I live in a rural area and my only other option i am aware of is the pets mart in traverse city michigan about 30 minutes away. I'm not a super big fan of this store and am kinda scared of buying my next mouse there. I don't like the idea a mass produced pets and i've heard horror stories about their treatment and conditions at rodent farms they come from. And would prefer another young mouse that i can bond with as it grows and a female this time because louis goes through phases where he will pee on my everytime i hold him for a week then chill out on it for a few weeks ( is this possibly a hormone thing or random?)
So my main question is weather it is a good or bad idea to buy from pets mart or how would i go about finding a breeder in a reasonable distance in advance from the time i want to actually purchase a pet.
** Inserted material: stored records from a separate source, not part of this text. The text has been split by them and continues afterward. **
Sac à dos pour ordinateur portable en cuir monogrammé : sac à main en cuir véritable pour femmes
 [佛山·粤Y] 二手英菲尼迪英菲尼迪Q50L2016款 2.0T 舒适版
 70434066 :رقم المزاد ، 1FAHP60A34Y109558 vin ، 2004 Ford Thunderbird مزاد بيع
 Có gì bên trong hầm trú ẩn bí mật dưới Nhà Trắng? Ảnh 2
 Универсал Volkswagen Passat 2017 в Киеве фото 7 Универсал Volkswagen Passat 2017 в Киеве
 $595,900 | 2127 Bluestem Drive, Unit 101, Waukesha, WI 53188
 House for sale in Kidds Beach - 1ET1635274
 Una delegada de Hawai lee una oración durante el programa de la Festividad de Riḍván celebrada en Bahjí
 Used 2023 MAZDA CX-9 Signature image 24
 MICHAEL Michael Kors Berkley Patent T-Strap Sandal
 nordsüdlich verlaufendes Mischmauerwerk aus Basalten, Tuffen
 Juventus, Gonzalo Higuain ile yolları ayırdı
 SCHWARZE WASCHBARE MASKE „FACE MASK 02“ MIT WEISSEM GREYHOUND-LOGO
And do people ever ship mice if i cannot find a local breeder? I spend quite a bit of money on louis and would do so for any mouse but i wonder about buying a cool breed.

Any advice and thoughts welcomed thank you for your time.

Hanna


----------



## Cait (Oct 3, 2008)

If you can get a mouse from a good breeder I would recommend that over a shop. US breeders do ship within the US but it's usually for a quantity of mice (not just one or two) and costs approx $100-150. They do have occasional shows and meet ups where mice are for sale. You might want to check out Fancy Mice Breeders Association group on Facebook for some help and pointers to local breeders.

Also, if you want to get female mice (does) you will need more than one as they are social


----------



## reeserueryn (Apr 13, 2015)

yes definitely a breeder if you can. Actually ive been looking into shipping myself, I think ill start a forum on that im quite interested.


----------



## raisin (Sep 22, 2014)

another option is to find someone perhaps on craigslist or similar who has bred their pets. There are plenty of people who just have a litter to show their kids, then need to get rid of the offspring. Also an animal shelter might take in small mammals (they might keep them in the back room, so ask them).


----------



## Amtma Mousery (Jan 29, 2015)

I did. Now, I willn't.


----------



## Athiena146 (Jun 1, 2016)

I used too, but kept them in quarentine for a month to make sure they didn't have anything. Honestly not all are bad, the one i used to be near was decent and took care of theirs. Whereas a breeder i went to i would find dead mice in their cages.


----------



## Northern Appalachian (Jun 28, 2017)

A adopted a mouse that Petsmart was hosting for the shelter, he was a bit of an exception though. Amazing conformation for an oops baby.


----------